WHO says processed meat causes cancer
WHO's International Agency for Research on Cancer (IARC), looked at the evidence about whether processed meat and red meat cause cancer.
IARC evaluated all the evidence available and decided to classify consumption of processed meat as "carcinogenic to humans" and consumption of red meat as "probably carcinogenic to humans."
IARC didn't do its own field research. It went through more than 800 epidemiological studies on cancer and red and processed meat and weighed those findings together, IARC spokeswoman Véronique Terrasse says.
Although the findings of the study are not absolute, IARC is determined that there is more than enough evidence to conclude eating processed meat can cause cancer.
The IARC article, which appears in The Lancet Oncology, isn't clear on what's included in processed meats but in other documentation IARC lists hot dogs, ham, sausages, corned beef and beef jerky, but excludes processed poultry. IARC said that further research is still needed but it is better for people to limit their consumption.
For red meat and processed meat, Terrasse says, "The classification gives you an idea about the strength of evidence that it causes cancer but it doesn't give you any clue about how much you need to be exposed to have cancer, it's not a classification about the risk."
Kurt Straif, who heads the IARC unit responsible for the report, said that the IARC Working Group views that meta-analysis as "the best estimate of risk."

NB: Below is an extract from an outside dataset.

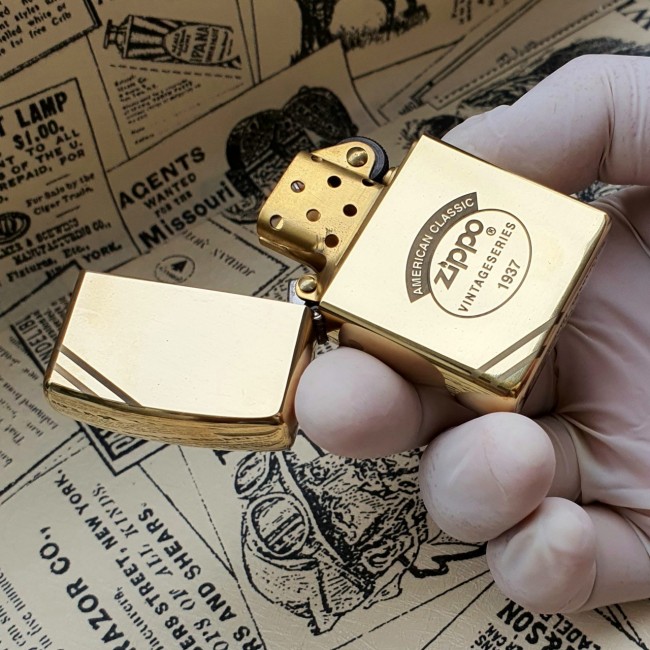 Bật Lửa Zippo Đồng Nguyên Khối American Classic 1937 Mộc Đáy Ngược Đời La Mã XIII - Có Hộp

An IARC press release incorrectly attributes the risk estimate. It says it was the IARC experts who "concluded that each 50 gram portion of processed meat eaten daily increases the risk of colorectal cancer by 18%."
Researchers frequently associate eating red and processed meat with bowel cancer, but there has also been significant research linking processed meat to stomach cancer and red meat to pancreatic or prostate cancer, as well as limited research linking both meats to several other cancers.